* [DATA FOR THE TASK]
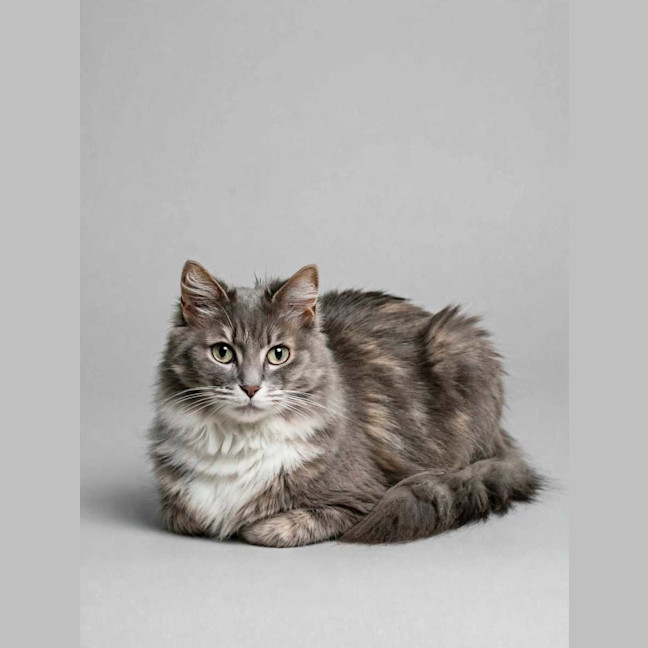 Photo of Misty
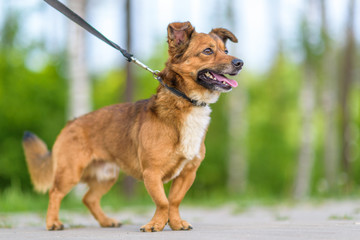 Beautiful dog on a leash posing outdoors.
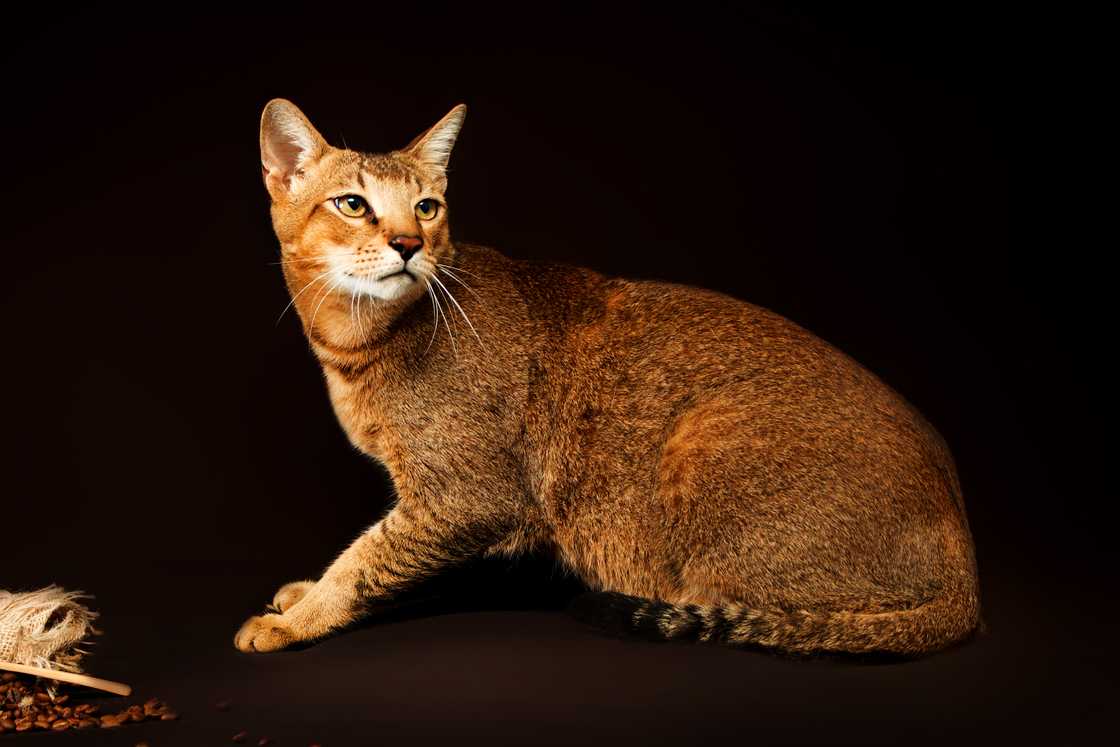 Chausie cat on dark brown background Chausie cat on dark brown background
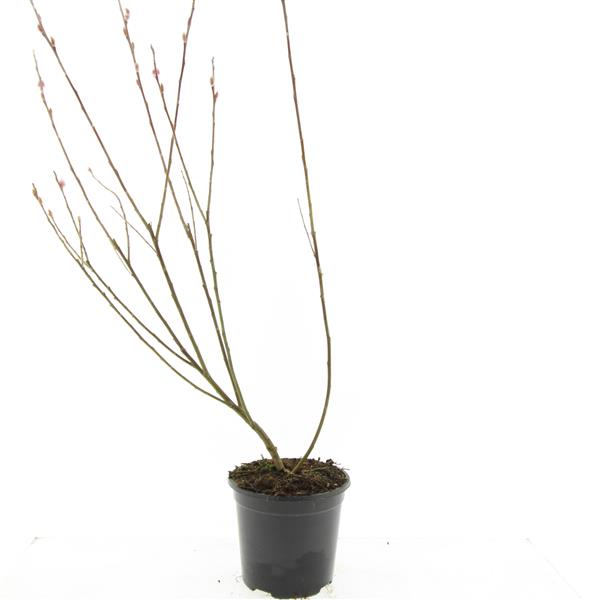 Salix gracilistyla Mount Aso 10cm 14cm Pot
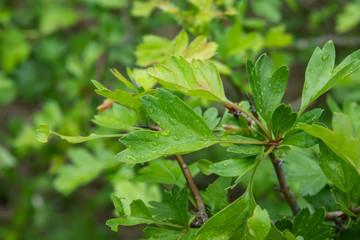 Hawthorn Leaves in Springtime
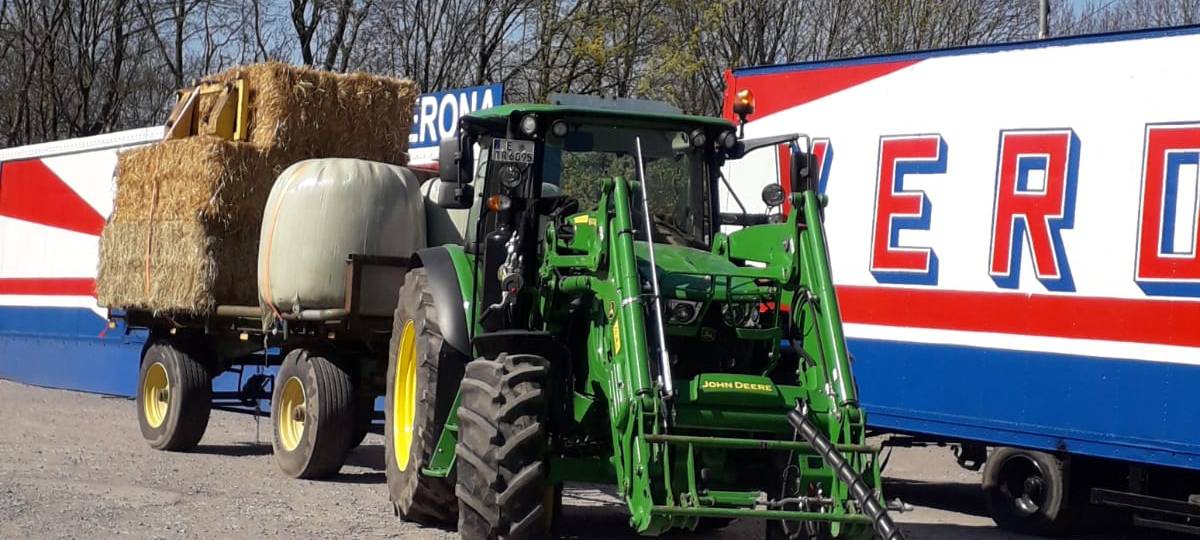 Corona in Essen: Drei Zirkusfamilien leiden in Essen unter den Folgen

* [THE TASK]
Give back each of the records above word for word, apart from the pictures.

* [RESULT OF THIS EXERCISE]
 Photo of Misty
 Beautiful dog on a leash posing outdoors.
 Chausie cat on dark brown background Chausie cat on dark brown background
 Salix gracilistyla Mount Aso 10cm 14cm Pot
 Hawthorn Leaves in Springtime
 Corona in Essen: Drei Zirkusfamilien leiden in Essen unter den Folgen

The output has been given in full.